Government is set to decentralize births and deaths registry system as part of efforts to build a robust registration system using emerging technologies.
The move comes after the passage of the Registration of Births and Deaths Bill 2020, which was presented and read the first time in Parliament on Thursday, July 16, 2020 by the Minister of Local Government and Rural Development (MLGRD), Hajia Alima Mahama.
In a memorandum accompanying the bill, the minister stated that one of the major priorities of government is to improve the system and processes for the collection and collation of vital information, particularly information on births and deaths for national development.
According to her, vital registration in Ghana started in 1888 with the registration of deaths under the Cemeteries Ordinance of 1888 which was subsequently amended in 1891.
Birth registration was first introduced in Ghana in 1912 following the passage of the Births, Deaths and Burials Ordinance 1912. The 1912 Ordinance was subsequently repealed with the passage of a new Registration of Births and Deaths Act 1965 (Act 301) to respond to the post-independence births and deaths registration needs of the country.
The registration of Births and Deaths Act 1965 (Act 301) established the Births and Deaths Registry as a centralized department within the MLGRD to develop the registration system and make it compulsory nationwide.
The core mandate of the registry under the law is to collate and keep accurate and reliable information on all births and deaths occurring in the country, as well as provide certification for the two events.
Government said the provisions in the current births and deaths law had become obsolete with the passage of time and indicated that Act 301 does not provide for the registration of surrogate births, notification of births and deaths by supervising professionals, as well as the use of electronic technology for the capture, transmission and storage of births and deaths data.
“The integration of the Births and Deaths Registry with other government agencies, including the National Identification Authority (NIA), the Electoral Commission (EC), the passport office, health facilities and MDAs is also weak,” she pointed out.
The Committee on Local Government and Rural Development said the Births and Deaths Registry currently has a total of 332 personnel operating in 413 registration centres nationwide.
Chaired by the Member of Parliament for Assin Central, Kennedy Agyapong, the committee has noted that this development falls short of the international minimum standards required by the United Nations of a registration centre to every five thousand persons in the population.

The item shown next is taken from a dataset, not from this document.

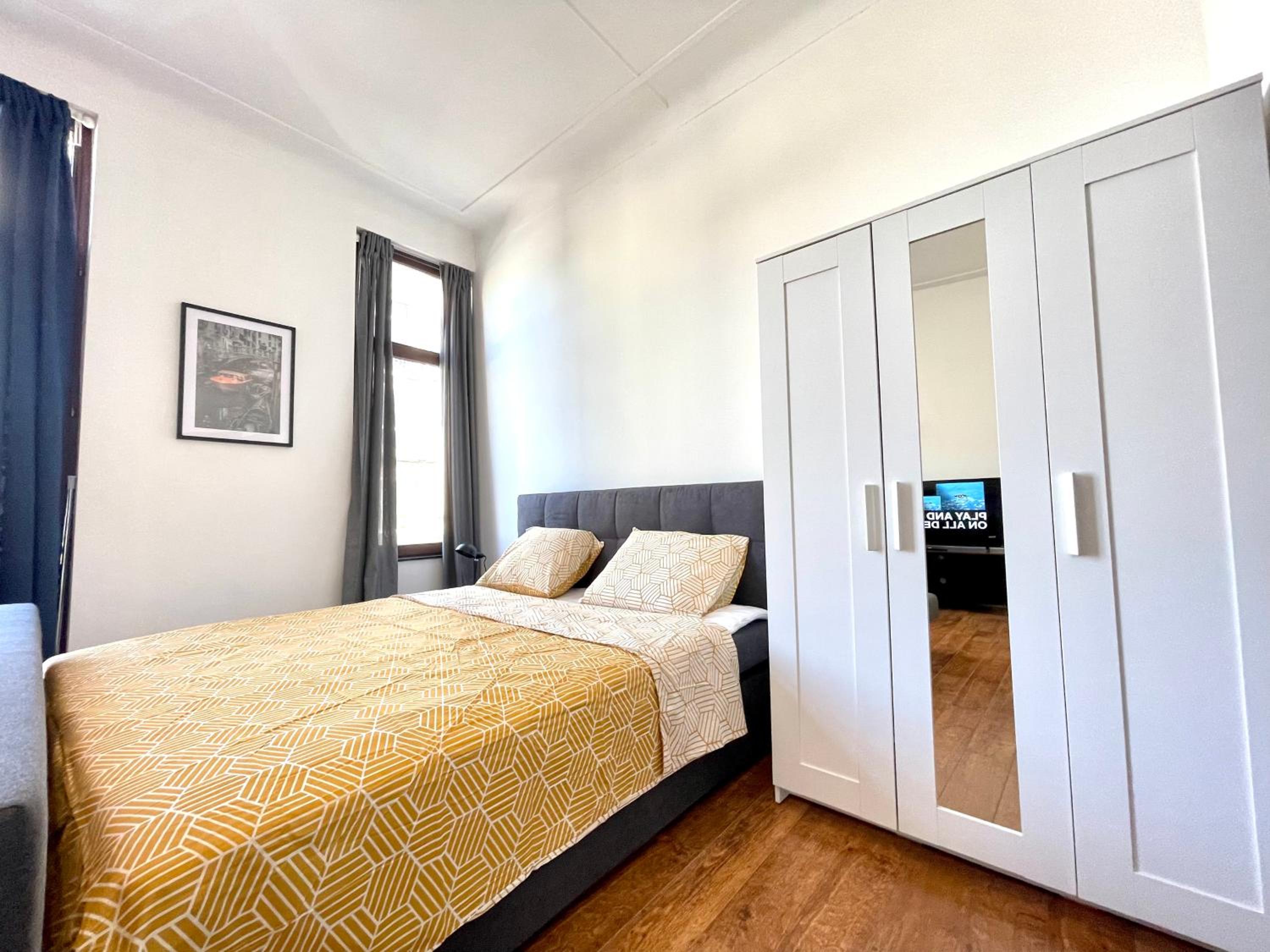 COSY FLAT - Quartier EU - Bruxelles Ixelles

“This meant that with Ghana's population estimated at 30,000,000 people, a minimum of 6,000 registration centres is required to provide effective births and deaths registration services to Ghanaians.
“Operating with the current 413 registration centres has created a service delivery deficit which continues to affect national planning due to inadequate data on registered births and deaths in the country,” the committee reported.
It added that registration coverage was, therefore, very low making it difficult for the registry to make any meaningful demographic analysis for the nation. The estimated coverage for registered births as of 2001 was 17 per cent.